Note: this recognizer runs on a web server, the audio file will be uploaded using HTTP.
How to use the Tag Vowels recognizer from within ELAN
The Tag Vowels recognizer written at the Max Planck Institute for
Psycholinguistics uses the Praat analysis of f0 (pitch) and volume
of a given audio recording to spot timespans which are likely to
correspond to spoken vowels. This can be interesting for measuring
speech rate (counting syllables per time) or for gathering
information about prosody: The raw Praat data is available as
additional output. The web service version has Praat installed on
the same server, but it is also possible to install the recognizer
on the computer where ELAN is running. In that case, Praat has to be
installed first. The Praat software is available for Linux and
Windows from UvA, it
is free open source software. The recognizer itself is available,
also as free open source software, from the MPI for
Psycholinguistics. This recognizer also demonstrates the various
types of possible input, output and setting objects within the
AVATecH and AUVIS frameworks.
- Input: A single audio recording in a file format
supported by Praat, for example uncompressed PCM *.wav files.
When installed locally, it is also possible to provide
precomputed Praat output as additional input file, overriding
the default processing of the recognizer.
- Settings:
- max_f0 defines a pitch ceiling: For example if a
recording is known to have no young or female speakers, this
can be set to 300 Hz to keep Praat from matching pitch in a
higher octave by accident.
- epsilon selects how much the volume (in decibels) has to
change to mark the edge of a peak. High epsilon only
triggers on sharp volume peaks, for example.
- Silence threshold selects the minimum amplitude (on a
scale from 0 to 1) required for pitch analysis. It is often
not interesting to assign pitch to relatively silent
timespans.
- Voicing threshold selects how regular a bit of sound has
to be to count as voiced. Noise is very irregular, vowels
are quite regular, a sine wave beep is very regular.
- Loglevel gives a choice of three verbosity settings.
Lowest is normal, verbose gives some additional information
and debug gives a lot of not normally interesting additional
information.
- Output: Two different sets of tiers, in two different
formats (default XML or compact CSV) each are available: One set
annotates average pitch and volume, the other set annotates
initial, final, minimal and maximal pitch. In addition, a
timeseries output option is available. This data can be
visualized by ELAN as curves of pitch and volume. The recognizer
produces it by gathering Praat output for each segment of
1/100th second. Unvoiced segments have undefined pitch, which
ELAN may visualize as gaps in the curve or as '0 Hz' pitch.

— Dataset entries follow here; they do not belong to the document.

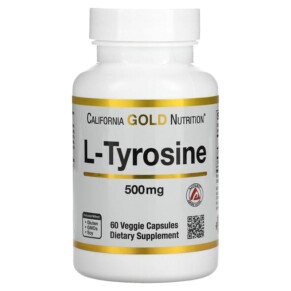 Thuốc bổ California Gold Nutrition L-Tyrosine AjiPure 500 mg 60 Veggie Capsules 898220011353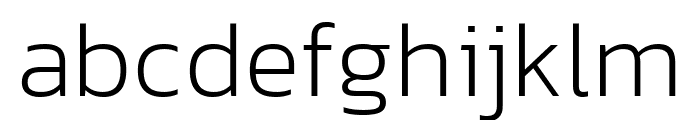 Kanit ExtraLight Font LOWERCASE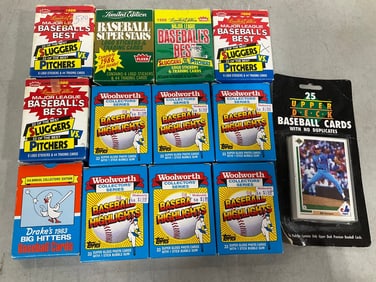 Various Baseball Cards *new in box*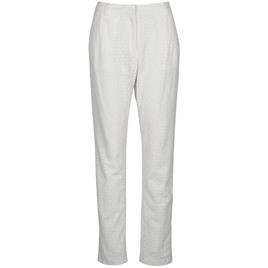 Manoush  Calças FLOWER BADGE  Branco Disponível em tamanho para senhora. FR 34,FR 36,FR 40.Mulher > Roupas > Calças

AVATecH and AUVIS compatible recognizers have the following
categories of settings, input and output elements:
- input media: ELAN automatically uses the first suitable media
file of your current annotation session, but you can change
that to other supported files belonging to the session. Very
few recognizers expect multiple input media files or extra
input files in 'timeseries' or recognizer-specific formats.
- input tiers: Some recognizers need input in the form of an
annotation tier, for example to select timespans of interest.

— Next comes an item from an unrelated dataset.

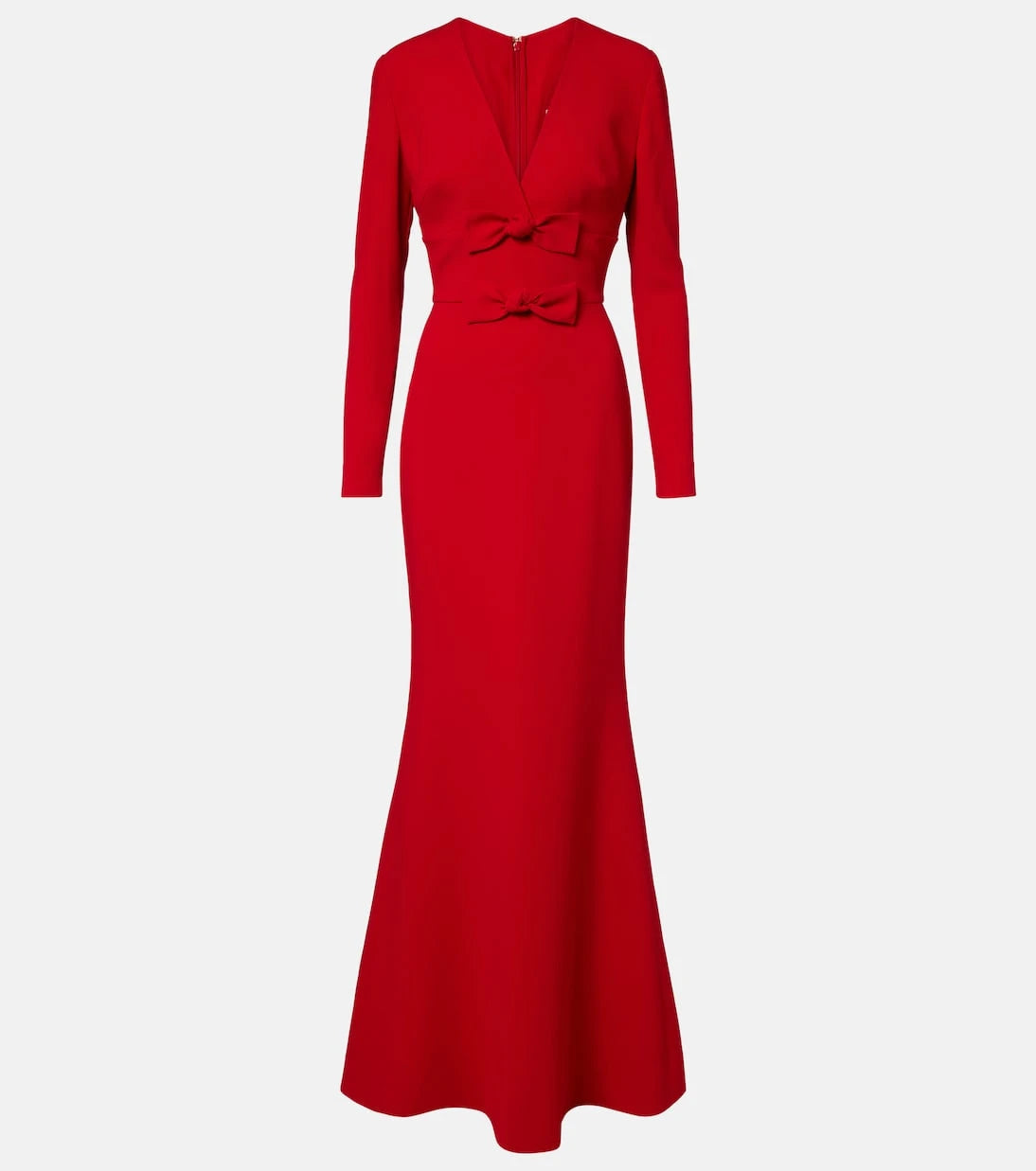 Elie Saab - Bow-detail cady gown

For some recognizers, the input is expected to be the output
of another recognizer. This gives you a chance to edit and
correct data - often simply tiers - between the two steps.

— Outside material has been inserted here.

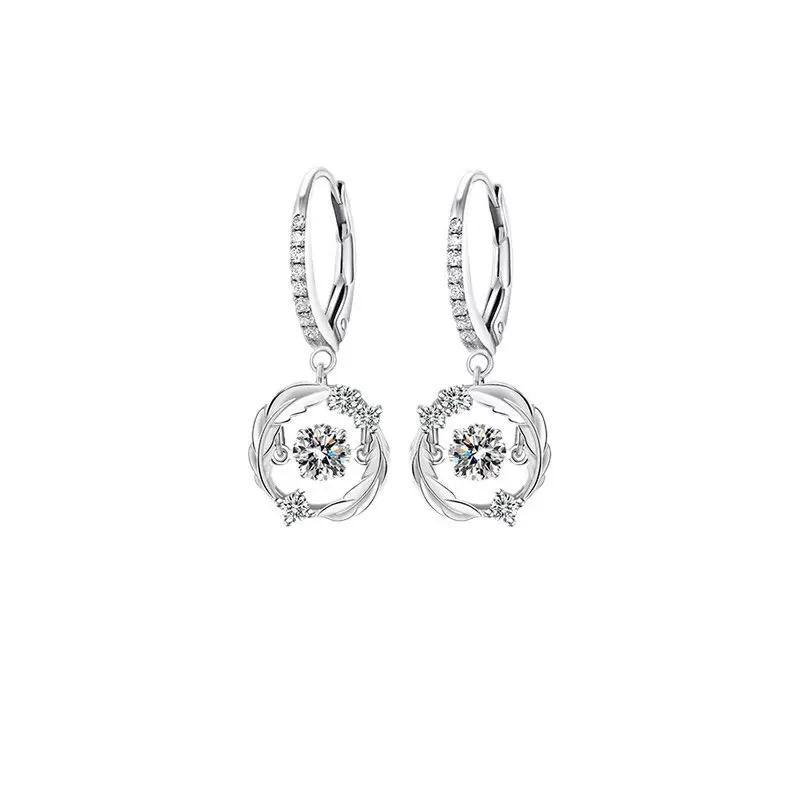 【#163】(Ethan)925 Sterling Silver Synthetic Moissanite Earrings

- numerical input: Recognizers can be configurable by
numerical 'knobs'. ELAN can show those as slider or field.
Recognizers often work well enough with defaults already.
- choice input: Recognizers can give you the option
to select settings from a pre-defined list. An example can
be 'verbose/normal/silent' messages or 'high/low' sensitivity.
ELAN shows drop down selectors here. In special cases, a
recognizer can also have 'any text' configuration items.
- output: Recognizers often produce one or more annotation
tiers. ELAN will offer to add those to your annotation
session as new tiers. It is also possible for recognizers
to output timeseries (which ELAN can show as curves) or
even audio, video or other files. Most recognizers only
produce zero or more tiers (plus log messages) as output.
It is often possible to selectively skip some output steps.
- log: You can open a window showing general messages from
the recognizer, tagged by type (e.g. DEBUG, INFO, WARN,
ERROR, RESULT or PROGRESS). Messages of higher priority
also update the processing status display, so they can
be seen directly without having to review the log text.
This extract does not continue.